The dichotomies universal/particular, culture/nature, mind/body, reason/emotion all too frequently mirror those of male/female, with the first of each pair a desirable feature and the second a disorder or pathology. A reordering of political language, and through it of social practices, is the aim of that feminism. Thus what seems a thin ideology from the perspective of conventional ideological analysis may be interpreted as an attempt by feminists to cut the cake differently. On their account, thick ideologies should contain, at least in part, a different set of concepts, including care, nurturing, empathy, and altruism. The ideological struggle over the control of language is not just that of competing over the meanings of prevalent political concepts such as liberty and justice, but one that endeavours to endow concepts customarily held to be apolitical with political import.
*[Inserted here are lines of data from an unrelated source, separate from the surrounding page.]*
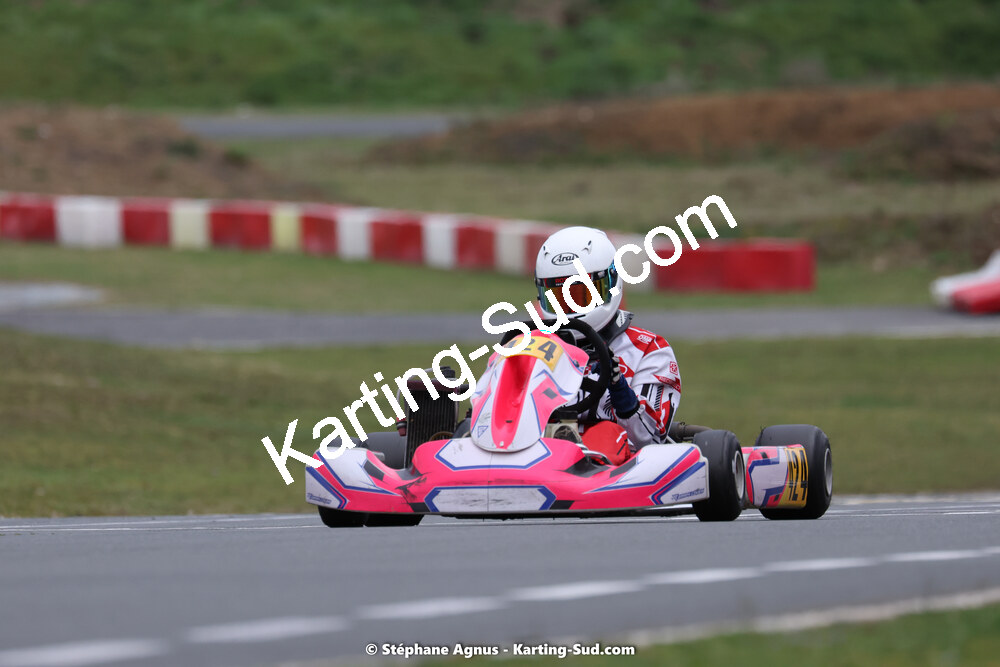 12/03/2023 : 1ère manche de l’Atlantic Trophée à Layrac (photos Stéphane Agnus) 2023 — karting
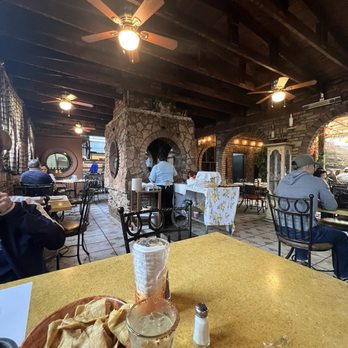 Tapanco - Interior dining room, looking back to the bar and kitchen - Steakhouses Near Me - Rosarito, BCN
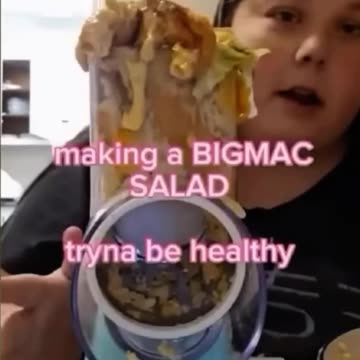 WHY MEN AVOID MARRIAGE - VOL. 1,079: BIG MAC SALADS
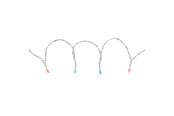 Smart Home - Älykoti - Nedis SmartLife Stringlight/Koristeelliset LED-verhot - 3x3 metriä - RGB - WIFILXC01C180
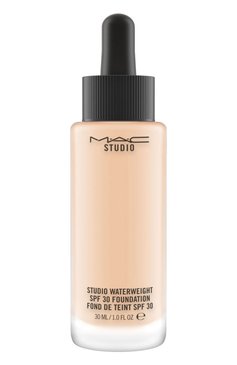 Тональная основа studio waterweight foundation spf 30, оттенок nc 15 (30ml) MAC  цвета, арт. MXCT-01 | Фото 1 (Региональные ограничения белый список (Axapta Mercury): Не проставлено; Финишное покрытие: Сатиновый; SPF фильтр: Низкий (5-20))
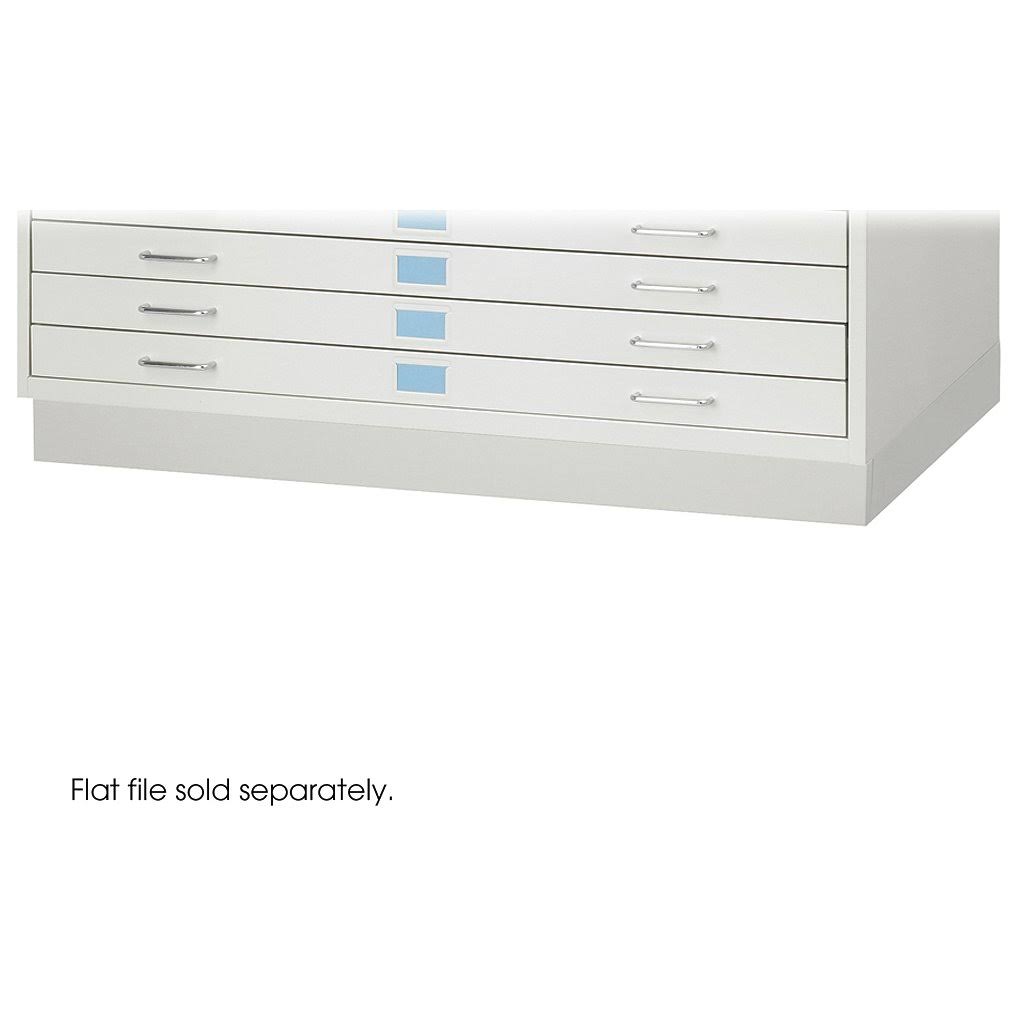 Medium Base Closed Flat File N444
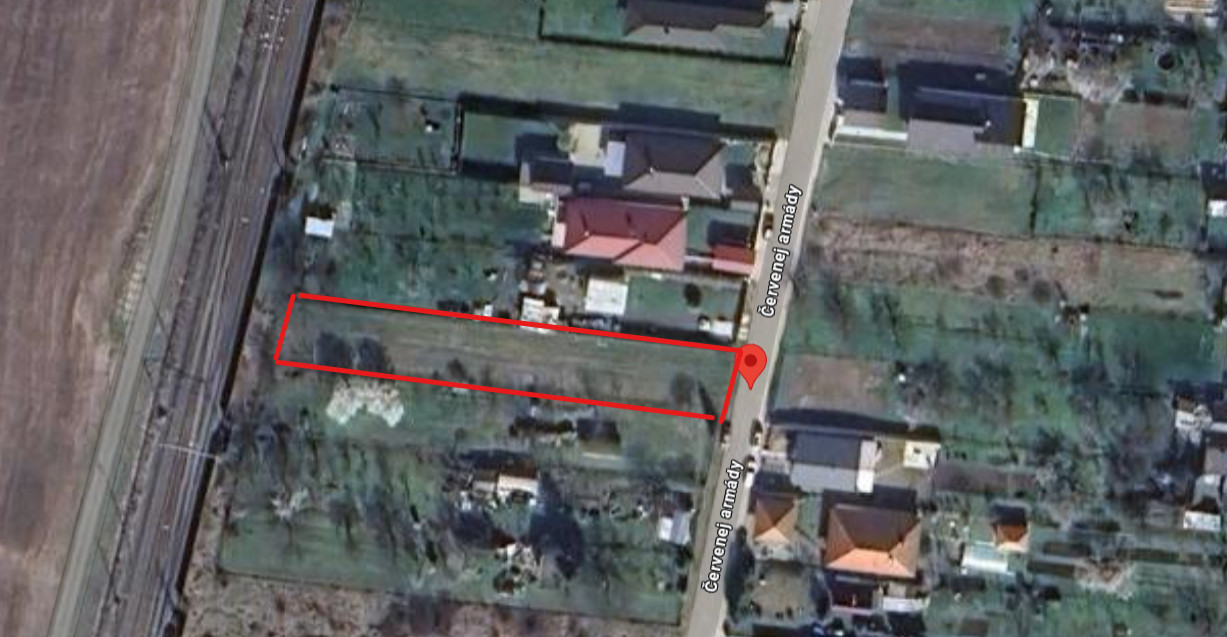 STAVEBNÝ pozemok pre váš vysnívaný dom v HORNEJ STREDE!
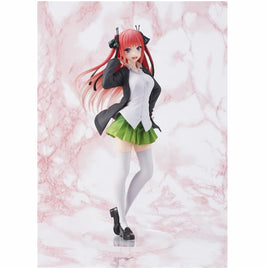 The Quintessential Quintuplets Coreful Figure Nakano Nino ~Uniform ver~ Prize Figure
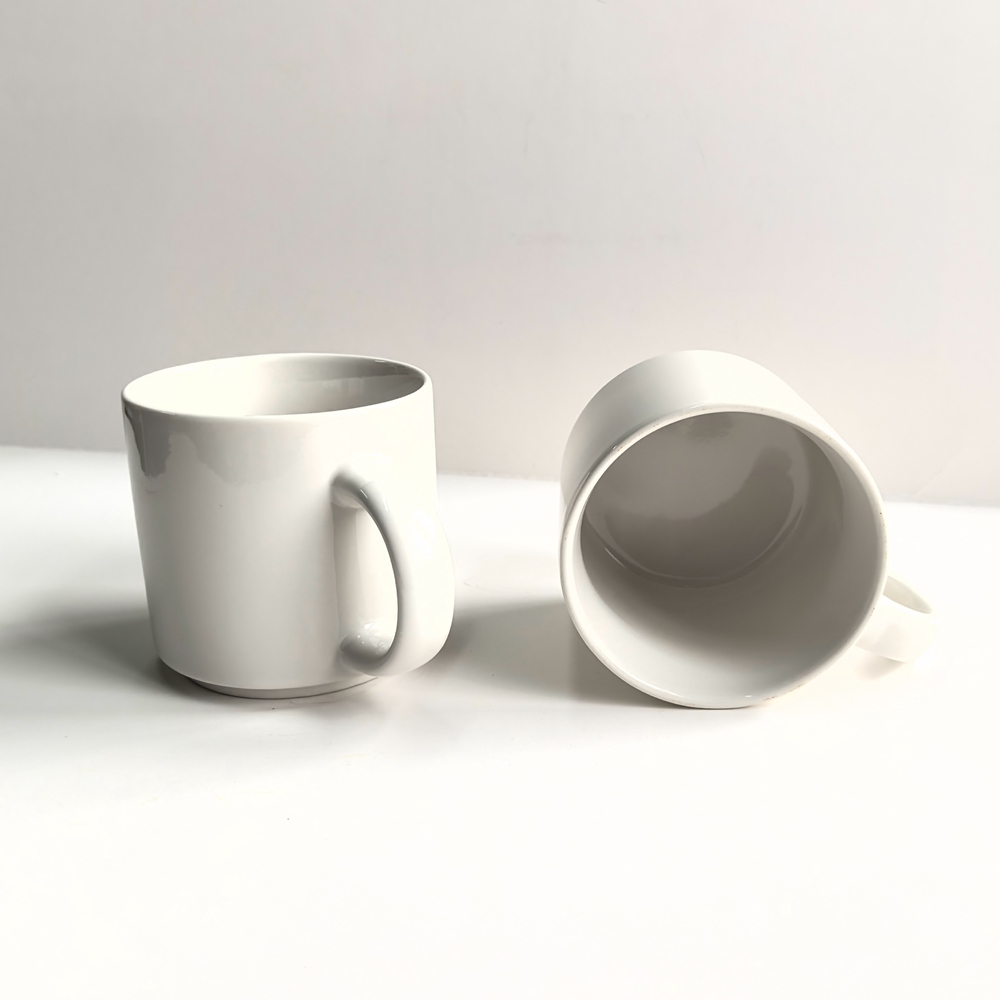 ReadStar 6PCS Stakable Pure Wh - Sublimation Mug White 评论和价格
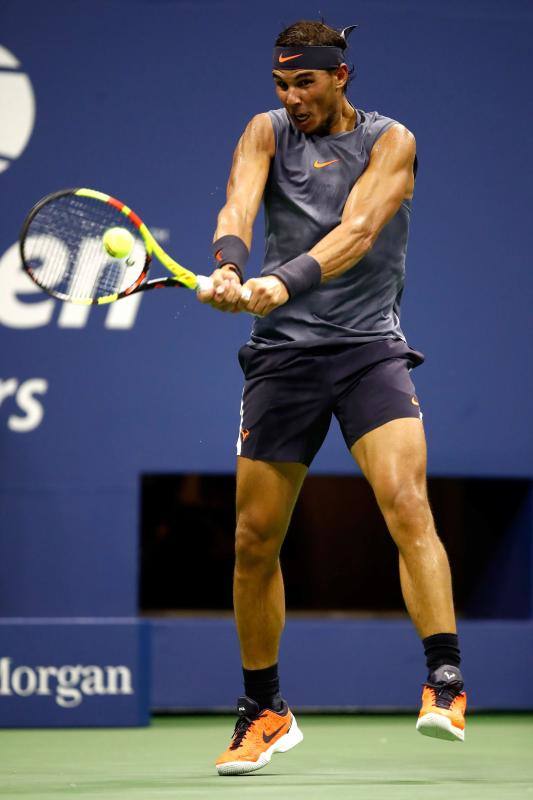 Fotos: David Ferrer pierde ante Nadal su último partido de Grand Slam en el US OPen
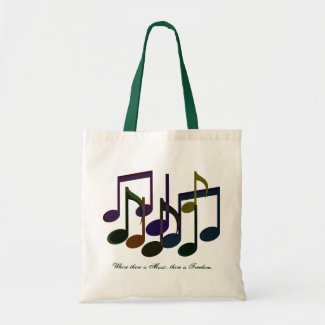 Where there is Music bag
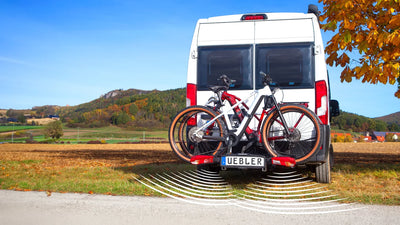 UEBLER H31 S DC Fahrradträger 3 Räder 90 Grad faltbar Rückfahrkontrolle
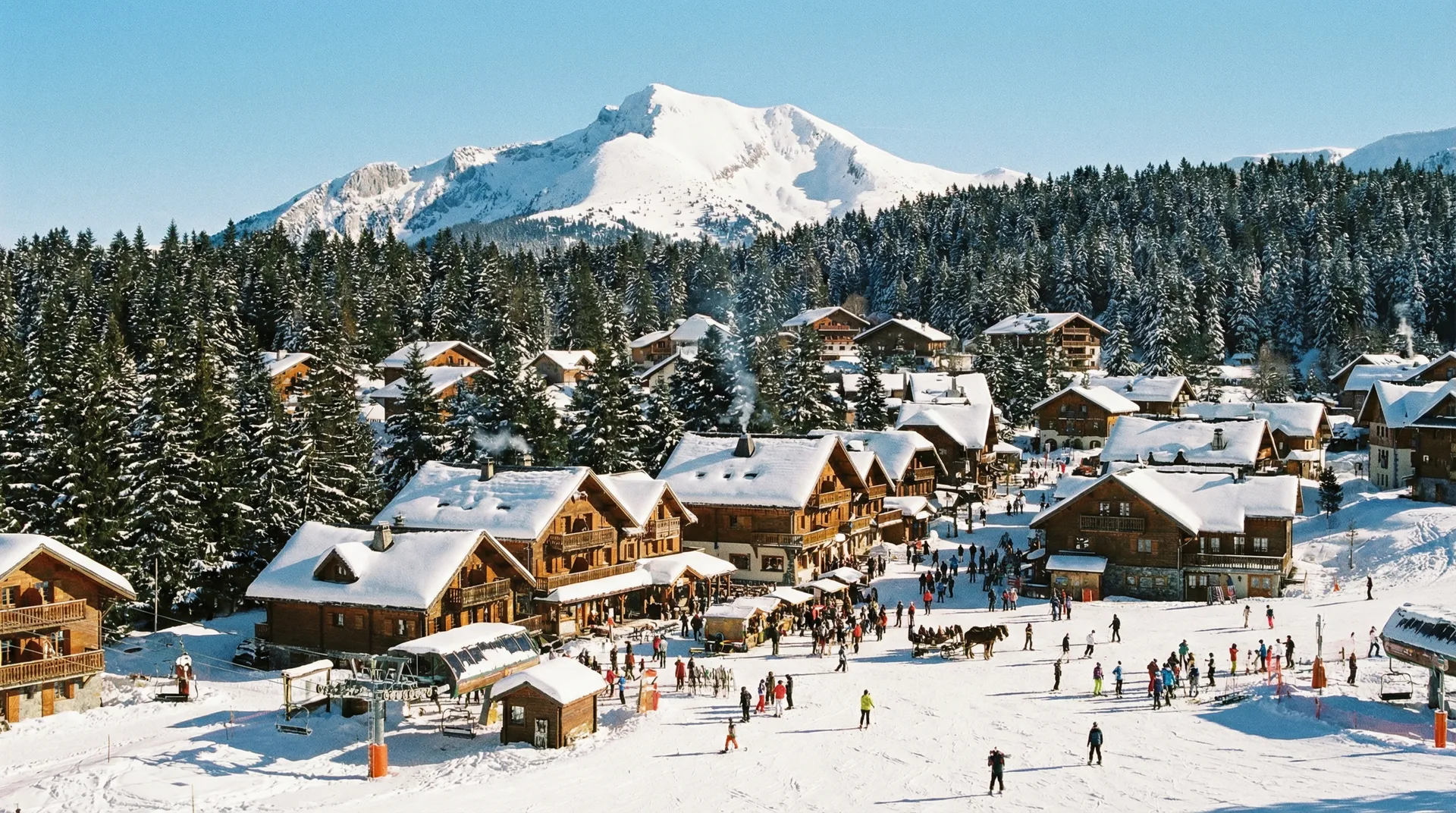 LA PIERRE SAINT MARTIN ski resort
Throw away much of the existing masculinist map, proclaim radical feminists, and re-explore the territory.

Are ideologies ‘Western’?

The fracturing and reordering of ideologies has shaken up the ideological scene in another sense. The ideologies under challenge have typically presented themselves as universal. But once that universality is questioned, once universal ideologies are recognized as emanating from a particular cultural area, space suddenly opens up for non-Western ideologies to appear and be noticed. In part this is the triumph of multiculturalism, in part the outcome of a political flexing of muscles of non-Western viewpoints, hitherto made to feel inferior to the ‘modern’ implications of the West, or deemed to be at a supposedly earlier stage of political and intellectual development. Many Eastern ideologies are curious amalgams of Western theories and of indigenous cultural paradigms. Japanese politics assigns the term liberal to a broadly conservative movement, and mixes traditionalist norms with hi-tech lifestyles. Technology introduces Western notions of markets, while regional cultures constrain against the Western-type individualism that would normally accompany them.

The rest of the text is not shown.